**ASSIGNMENT**
Could you transcribe every entry below exactly, leaving out the pictures?

[Records from a data collection]

......

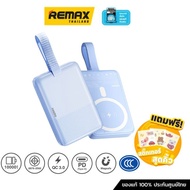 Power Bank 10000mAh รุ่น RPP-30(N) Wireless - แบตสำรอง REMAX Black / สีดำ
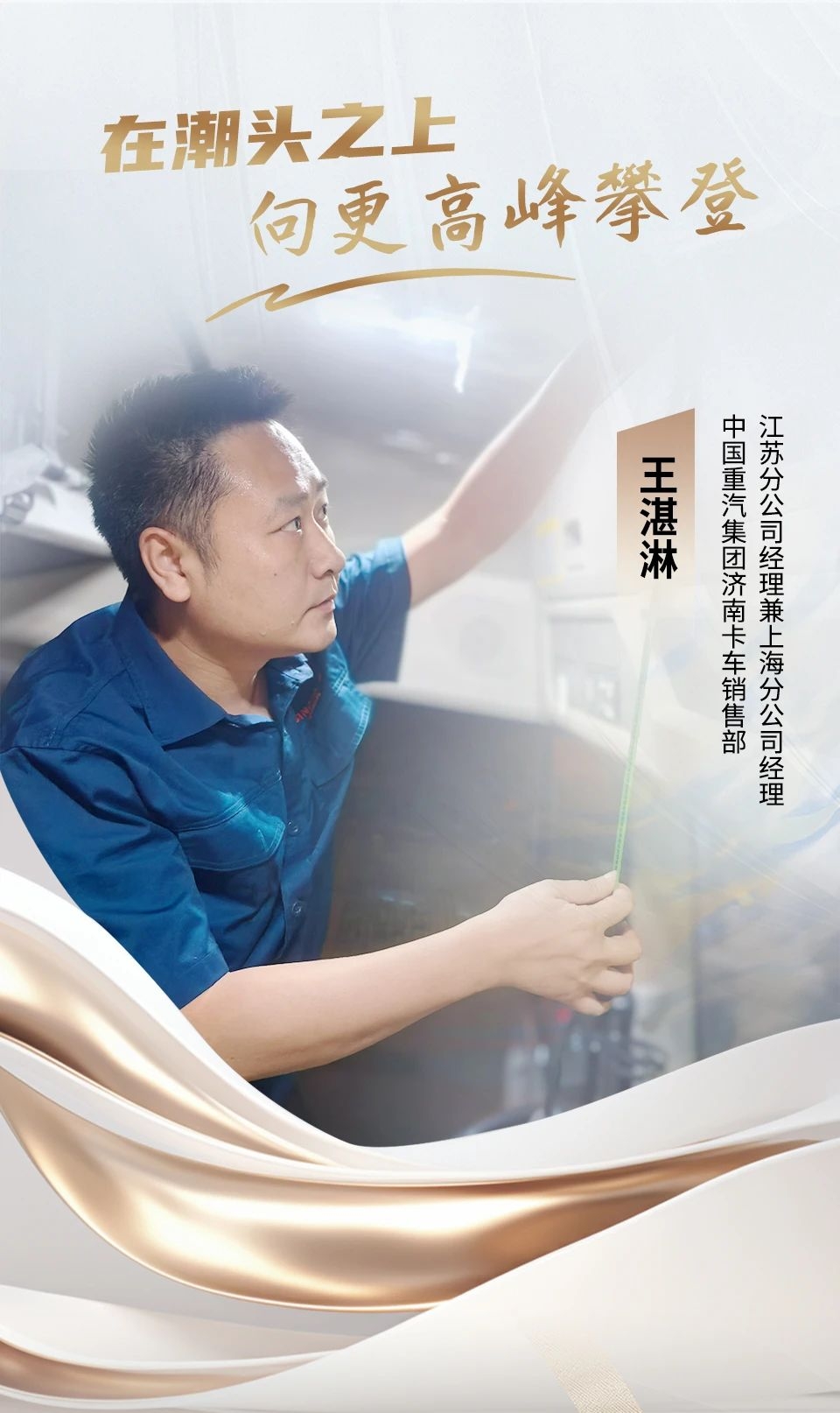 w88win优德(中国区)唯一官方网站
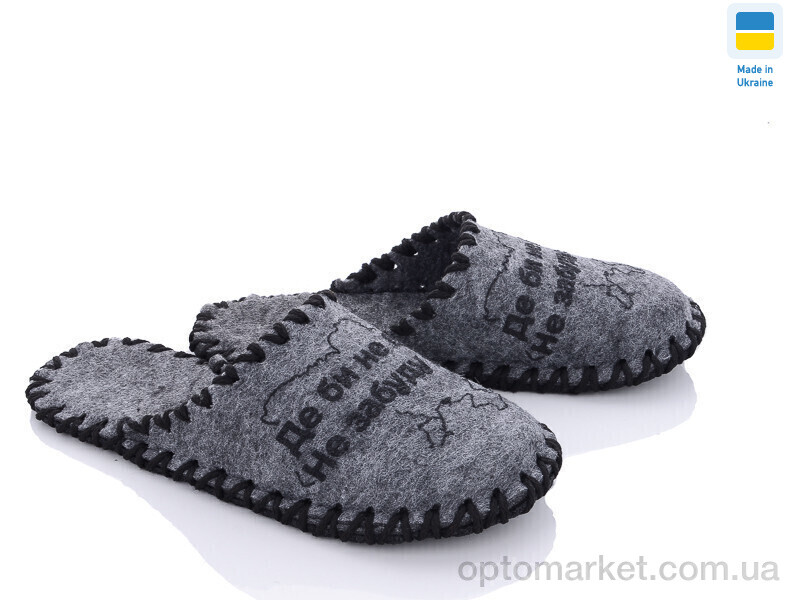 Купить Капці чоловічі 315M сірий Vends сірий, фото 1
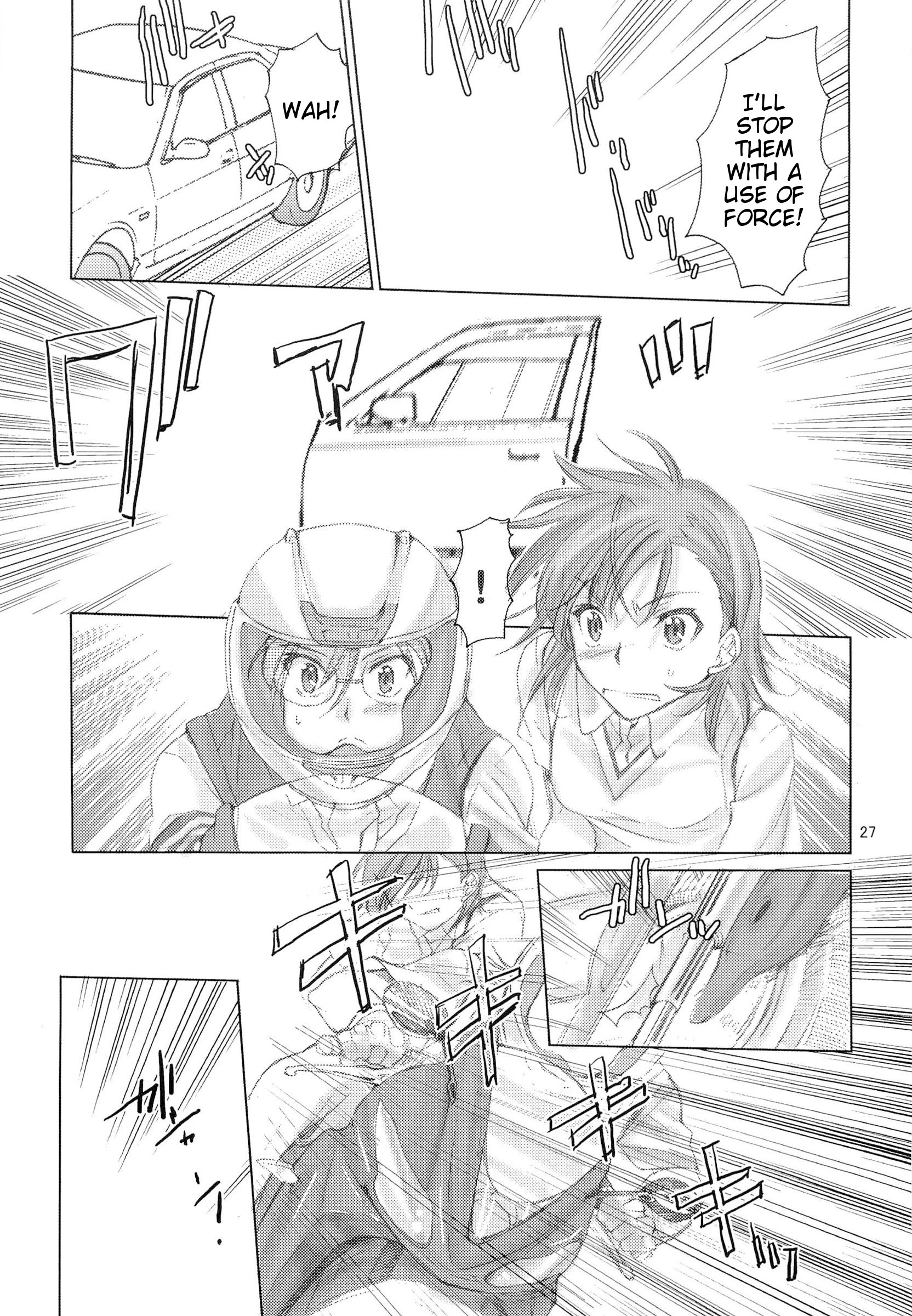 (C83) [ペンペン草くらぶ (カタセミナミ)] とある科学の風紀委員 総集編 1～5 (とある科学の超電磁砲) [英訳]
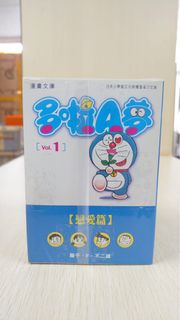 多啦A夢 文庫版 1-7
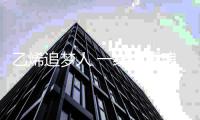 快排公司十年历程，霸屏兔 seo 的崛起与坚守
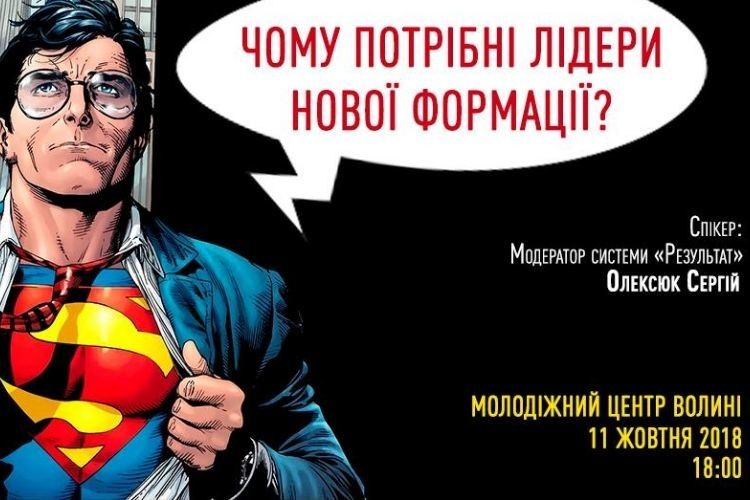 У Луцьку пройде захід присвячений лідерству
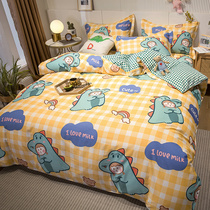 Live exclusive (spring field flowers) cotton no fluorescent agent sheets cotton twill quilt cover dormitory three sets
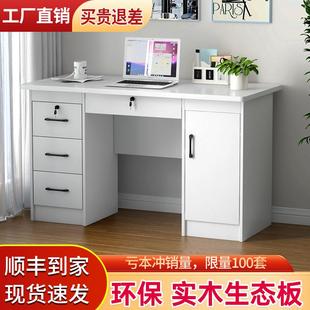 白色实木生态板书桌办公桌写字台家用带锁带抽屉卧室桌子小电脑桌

......

**FINISHED EXERCISE**
 Power Bank 10000mAh รุ่น RPP-30(N) Wireless - แบตสำรอง REMAX Black / สีดำ
 w88win优德(中国区)唯一官方网站
 Купить Капці чоловічі 315M сірий Vends сірий, фото 1
 (C83) [ペンペン草くらぶ (カタセミナミ)] とある科学の風紀委員 総集編 1～5 (とある科学の超電磁砲) [英訳]
 多啦A夢 文庫版 1-7
 快排公司十年历程，霸屏兔 seo 的崛起与坚守
 У Луцьку пройде захід присвячений лідерству
 Live exclusive (spring field flowers) cotton no fluorescent agent sheets cotton twill quilt cover dormitory three sets
 白色实木生态板书桌办公桌写字台家用带锁带抽屉卧室桌子小电脑桌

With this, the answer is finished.